" Let there be spaces in your togetherness and let the winds of the heavens dance between you. Love one another but not make a bond of love; let it rather be a moving sea between the shores of your souls. " - Khalil Gibran
In this beautiful quote, Gibran has touched upon some of the most important facets of relationships. Making allowances for personal space and changing dynamics are the hallmark of every successful relationship. With change being the only constant in life, it is impossible for relationships to remain untouched by the permutations and combinations introduced by changing time and space.
Given that each individual himself or herself is constantly evolving over a period of time, his or her relationship with another also undergoes change in the same period. While one cannot put a stop to this change, it is entirely in our hands is to dictate the direction it takes.
A couple can decide to grow together or to grow apart. And spending time together plays an important role in determining the direction that one's relationship takes. While there is no denying that after a certain phase, discussions about EMI's, the budgets for a child's schooling and investments take precedence over sweet nothings, it is critical to remember that these material things revolve around the relationship and not the other way around. So when disagreements arise ( and they are bound do ) over financial matters, it is imperative to take a step back and evaluate how it would affect your relationship with your partner.
In no case should such disputes be allowed to mutate into cold wars or emotional blackmailing. Keep all channels of communication open even when the relationship hits an all-time low.

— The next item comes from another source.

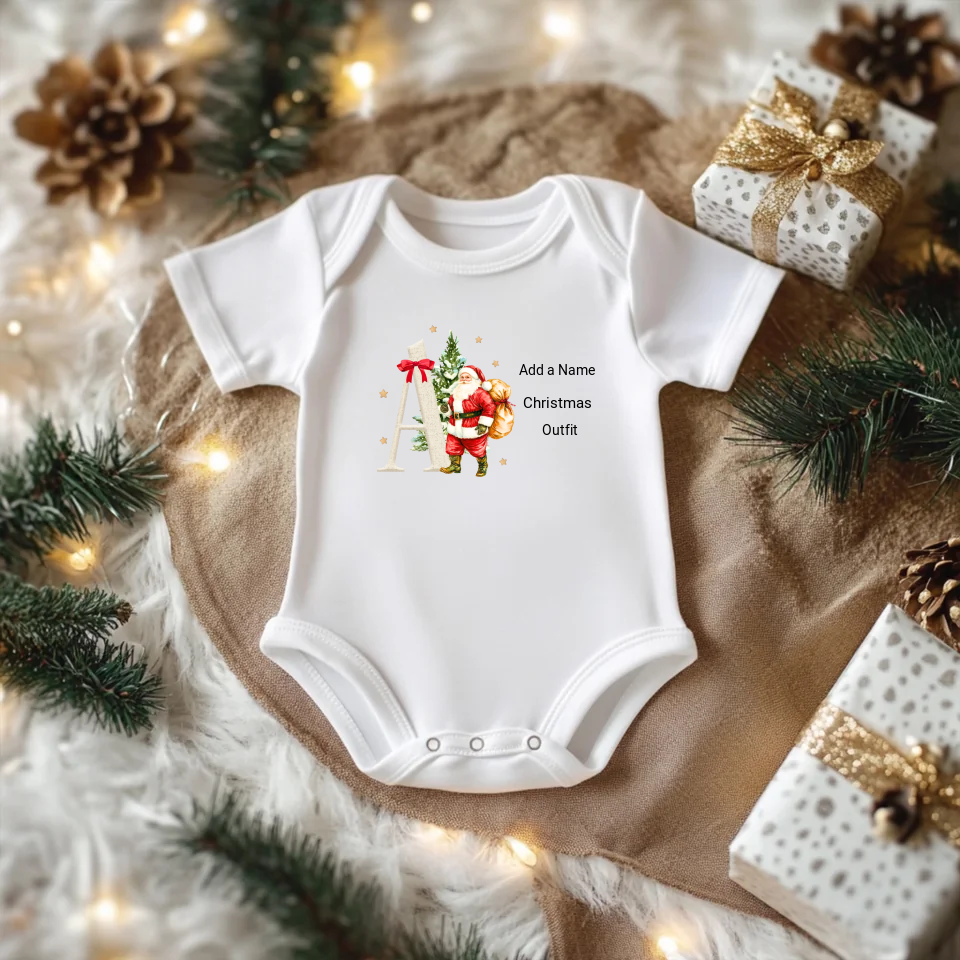 Baby Personalised Alphabet Christmas,Santa Design.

Here are a few tips that will help you spend grab some quality time even in the midst of a grueling routine
Travel together - While there is nothing better than a short vacation or a weekend hike to rekindle that romance, traveling together can also mean commuting together for work or even taking out the kids on a play date. Heading out for groceries? Drag your spouse along. Even a 15 minute commute is enough to get a conversation going. It is also sufficient to catch up on minor matters that one might have missed out in the everyday rush.
Workout together - As you grow old as a couple, you are the best person to understand the changes that your partner is going through. Hence, supporting each other's workout routine is probably the best gift that you can give to a spouse. Motivation and appreciation is always sweeter when it comes from a loved one.
Eat together- While it is a tough call given our busy schedules, it makes perfect sense to catch up over a meal. Try and ensure that you have at least one meal ( either breakfast or dinner ) together each day. And, most importantly, switch off the TV and keep the phone out of reach to allow for some real world conversation.
Couple Time Together ( No Kids ) - While kids are undoubtedly the center of our universe, it is critical that they do not breach our sacred 'couple' zone. Yes, it is important for every couple to have a few exclusive minutes for each other every day. Ok, if that is asking for too much, how about maybe an hour or two every week ? Don't rush off to attend to mundane matters after dropping off the kids at their weekend piano/guitar/karate/swimming classes. Instead, head to the nearest and coziest coffee shop for some intimate conversation. A lot can happen over coffee ! !
Form a small group with a few other couples ( people from your inner circle ). Take turns to arrange a weekly play for the kids so that everyone gets some couple time.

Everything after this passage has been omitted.